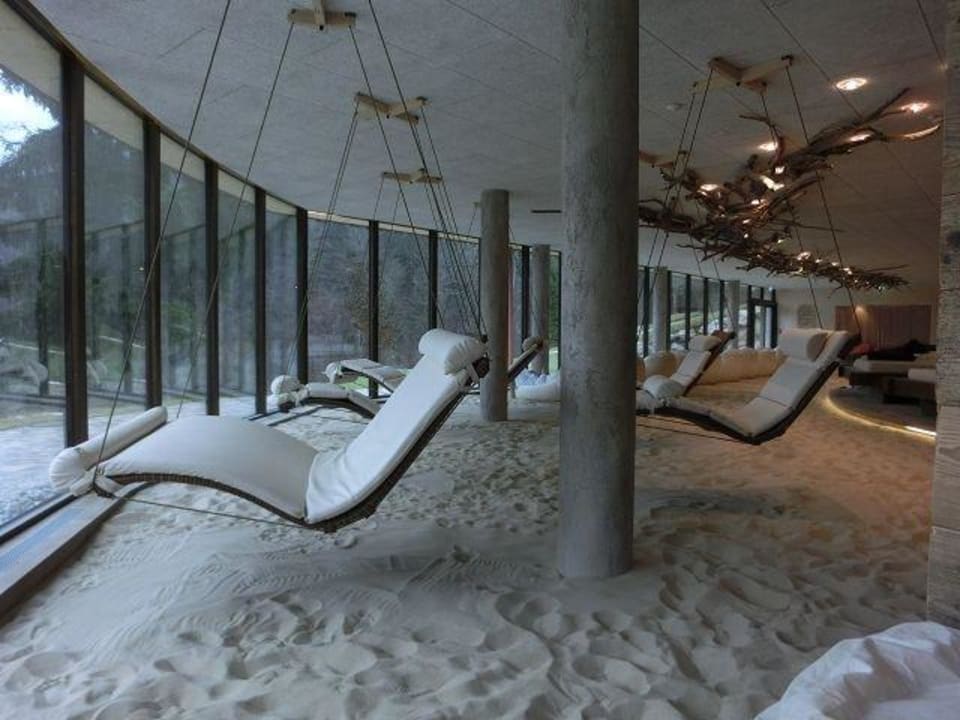Ruheliegen im Wellnessbereich Hotel Feuriger Tatzlwurm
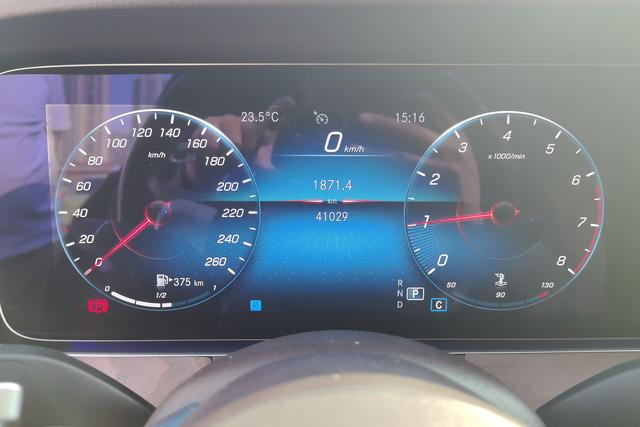Mercedes-Benz E-Class 2022 E 300 L Luxury — фото 14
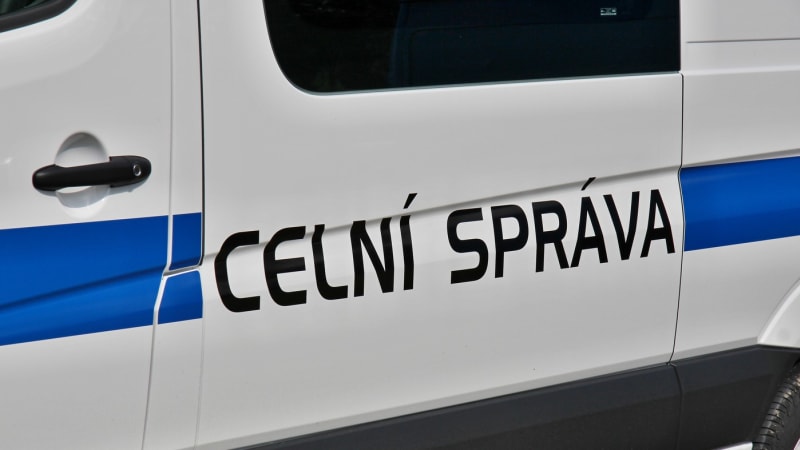 Obří úlovek celníků: V kosmetice našli 115 kilogramů ketaminu. Pašeráci založili krycí firmu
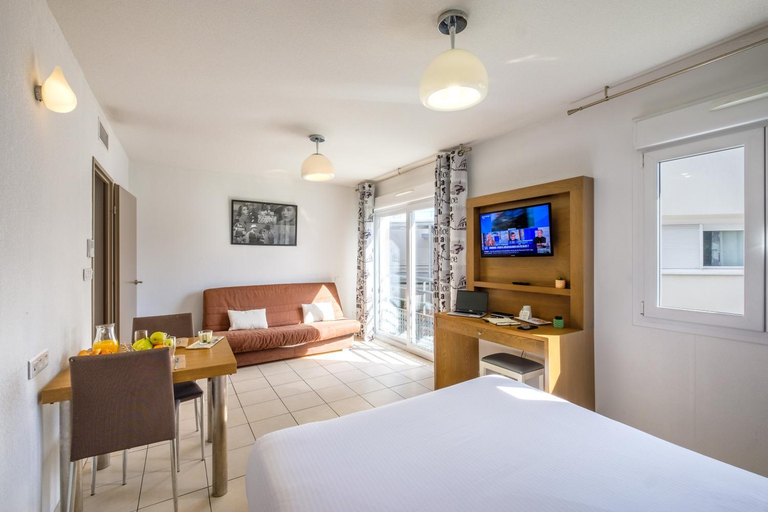 Bedroom 4, Comfort Aparthotel Antibes Le Maestria, Alpes-Maritimes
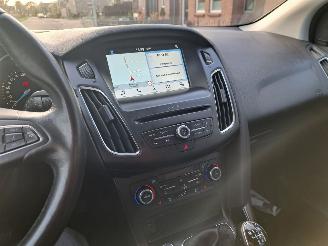 Ford Focus 10.i titanium picture 7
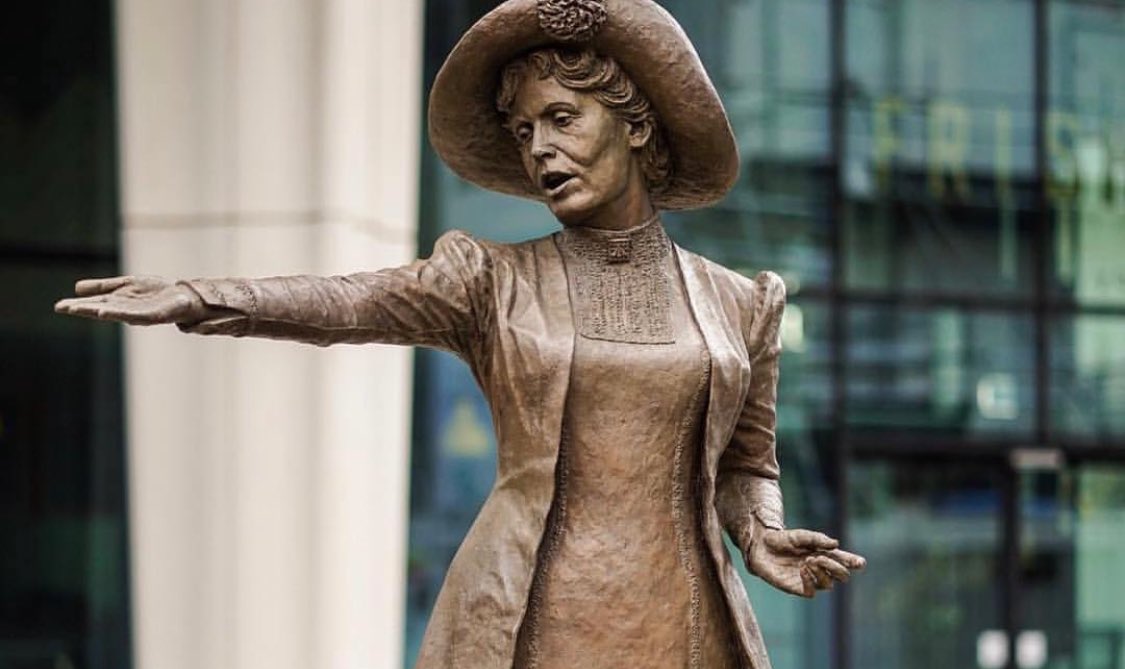 A friend and I took the <a href="/FreeTours_MCR/">Free Manchester Walking Tours</a> 3-hour walkabout today. Jack - our guide - was super knowledgeable about the deeper and surprising alternative histories of the city. Nothing he couldn’t answer or explain. Highly recommend. ⭐️ ⭐️ ⭐️ ⭐️ ⭐️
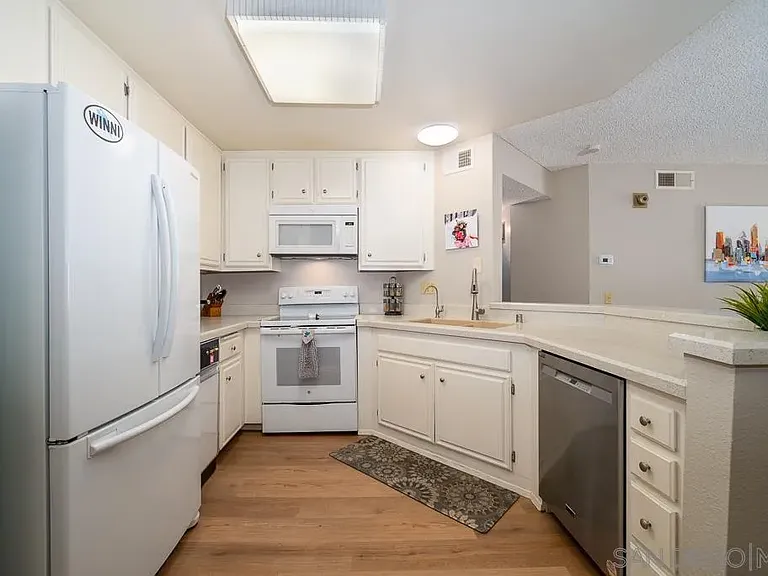 17617 Pomerado Rd #215 — Photo 10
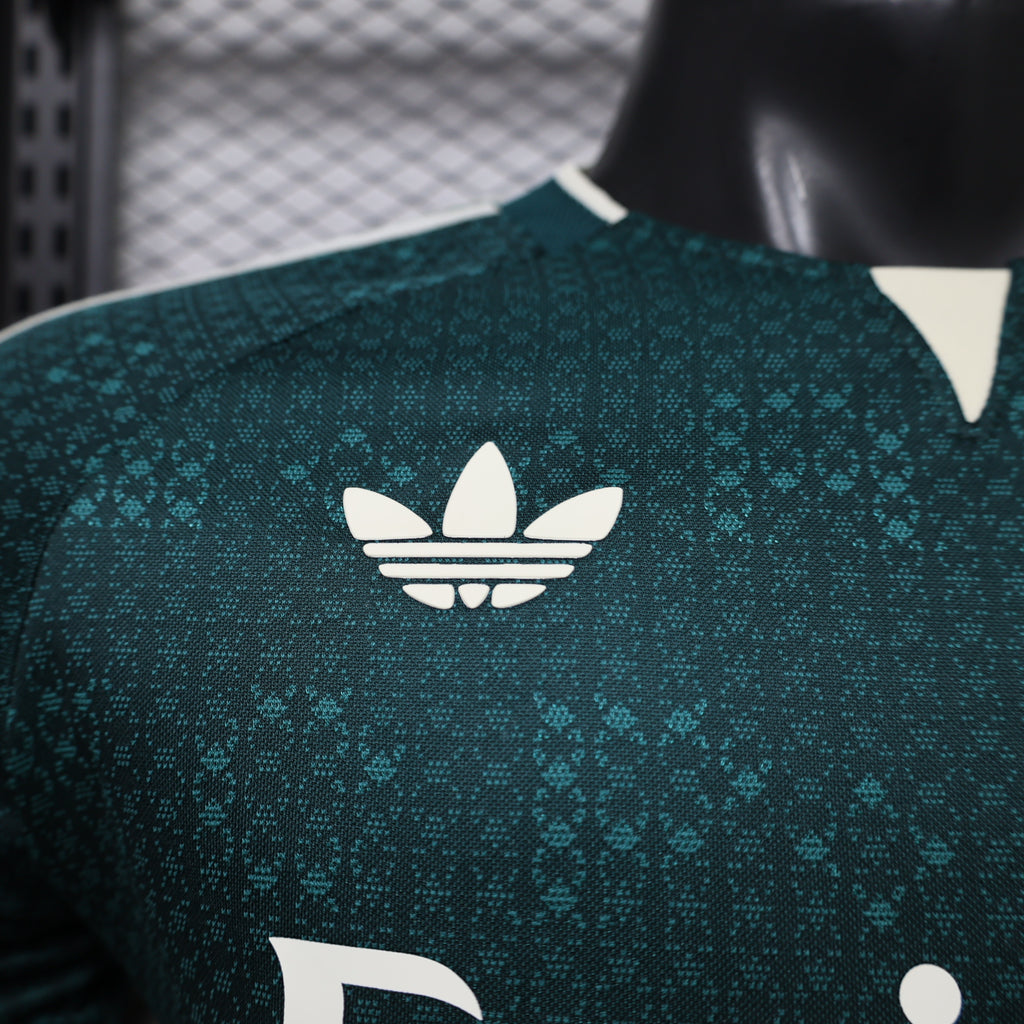 Real Madrid 2026/27 Away - Player Version football kit - view 9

......

§ **Exercise goal**:
Your copy should hold only the lines from the line with "Ford Focus 10.i titanium picture 7" through the end of the data above, both ends included, transcribed exactly and without pictures.

§ **Solved problem**:
 Ford Focus 10.i titanium picture 7
 A friend and I took the <a href="/FreeTours_MCR/">Free Manchester Walking Tours</a> 3-hour walkabout today. Jack - our guide - was super knowledgeable about the deeper and surprising alternative histories of the city. Nothing he couldn’t answer or explain. Highly recommend. ⭐️ ⭐️ ⭐️ ⭐️ ⭐️
 17617 Pomerado Rd #215 — Photo 10
 Real Madrid 2026/27 Away - Player Version football kit - view 9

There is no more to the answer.